Prof. Neema Kudva, city and regional planning, says perspective has been a reoccurring theme in her identity, research and teaching.
Kudva recalled a formative exercise as a student at the School of Architecture in Ahmedabad, India, where her professor asked the class to reproduce a mural in the building by imagining it in space.
“We had to reproduce it [the mural] at different scales, using different mediums … and we had to do whatever we wanted to tell the story we wanted to tell,” she said.
Kudva said she was fascinated by the wide range of results her classmates produced.
“When we put up our work for [critiques], you suddenly saw 30 different ways of making space, with 30 different kinds of influences,” she said. “The different ways in which we harnessed what was important to us, the different ways in which we expressed it … it was a stunning exercise.”

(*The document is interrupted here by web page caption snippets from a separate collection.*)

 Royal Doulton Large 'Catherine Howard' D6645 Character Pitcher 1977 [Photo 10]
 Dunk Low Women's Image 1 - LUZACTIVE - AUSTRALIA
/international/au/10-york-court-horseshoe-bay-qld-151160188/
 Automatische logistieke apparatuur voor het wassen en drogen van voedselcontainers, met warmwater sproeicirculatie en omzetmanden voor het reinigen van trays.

This exercise with perspective resonated with Kudva throughout her personal and professional life. Born in a small town on the southwestern coast of India, she spent much of her childhood moving to different places throughout the country, and has lived in over 11 cities.
“Every time we moved to these different towns, the state would change, the language would change, the cuisine, the smell, the trees — everything would change,” Kudva said.

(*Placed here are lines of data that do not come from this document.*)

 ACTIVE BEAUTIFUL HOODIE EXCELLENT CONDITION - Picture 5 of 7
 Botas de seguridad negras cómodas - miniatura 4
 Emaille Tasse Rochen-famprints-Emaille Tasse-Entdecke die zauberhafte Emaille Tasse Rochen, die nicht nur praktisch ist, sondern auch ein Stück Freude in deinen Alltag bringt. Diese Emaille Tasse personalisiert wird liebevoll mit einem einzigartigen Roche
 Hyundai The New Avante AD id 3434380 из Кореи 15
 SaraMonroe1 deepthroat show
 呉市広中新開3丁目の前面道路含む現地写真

“My family came from the south, and the language that we spoke at home was hardly ever spoken by anybody else, so there was always this sort of awareness of being different and somewhat outside,” she said. “My house smelled different, we spoke differently, we ate differently.”
She called it a transformative experience to live abroad in Zurich, Switzerland and Seville, Spain for a year.
“I am an upper caste, upper class, educated woman in India … and the minute I took that airplane, I became brown, oppressed, downtrodden, poor, someone who became invisible on a railway platform,” she said. “I think that experience in Spain … and traveling across Europe really brought up questions of construction of identity, and political construction.”
Upon returning from her trip, Kudva decided she wanted to expand her academic knowledge beyond the world of architecture.
After starting an architecture practice with her cousin in Bangalore — a two-woman practice, which was very unusual at the time — Kudva realized her professional aspirations were changing.
“I had to work in certain ways that I was not always comfortable with, and so I decided to start to study planning, which to me seemed like a field that bridged both what I liked about architecture and all these other interests that had developed while I was working on my thesis,” she said.
At Cornell, Kudva directs the International Studies in Planning program and is a leader for the Nilgiris Field Learning Center — a program that fosters a partnership with a community in southern India.
“We’re collaborating across disciplines, we’re collaborating across the academy and a world of practice, we’re collaborating across cultures, we’re collaborating across experience, across language,” she said.
Nilgiris allows both Cornell students and indigenous community members to develop research skills by exploring issues of land use, infrastructure, health, and community wellness, according to the University.
“It’s really allowed me to articulate a pedagogical structure, a curriculum that speaks to all these many many concerns … trying to understand various ways in which organizational practices and constructed difference shapes our participation in public life, and in the making of the place and space,” she said.
Kudva’s research focuses on how organizational practices shape planning, particularly in small cities, and on institutional structures for equitable development at the local level.
“Whether I’m looking at Fremont, California and trying to understand how city government there responded to becoming the first majority-minority city, or I’m looking at small cities in the Nilgiris in Tamil Nadu where I now work to see how people generate waste and recycle, I’m always looking at how these different communities and people create certain practices in order to do so,” she said.
Kudva explained that she examines the way power and privilege influence planning, and how constructed social context difference plays a role in the way people build communities.
“There are questions of gender, and caste, and ethnicity, and race, and how they then shape these practices which in turn shape the places we live in and make,” she said.
Kudva explained that “all our theorizing is based on large cities — Chicago, Paris, Los Angeles, Mumbai, Calcutta,” she said.
“I’ve lived there, but I’ve also lived in … all these places that are tiny, tiny, tiny — where the bulk of people actually live. They don’t live in these big places, but our imaginations are captured by big things.”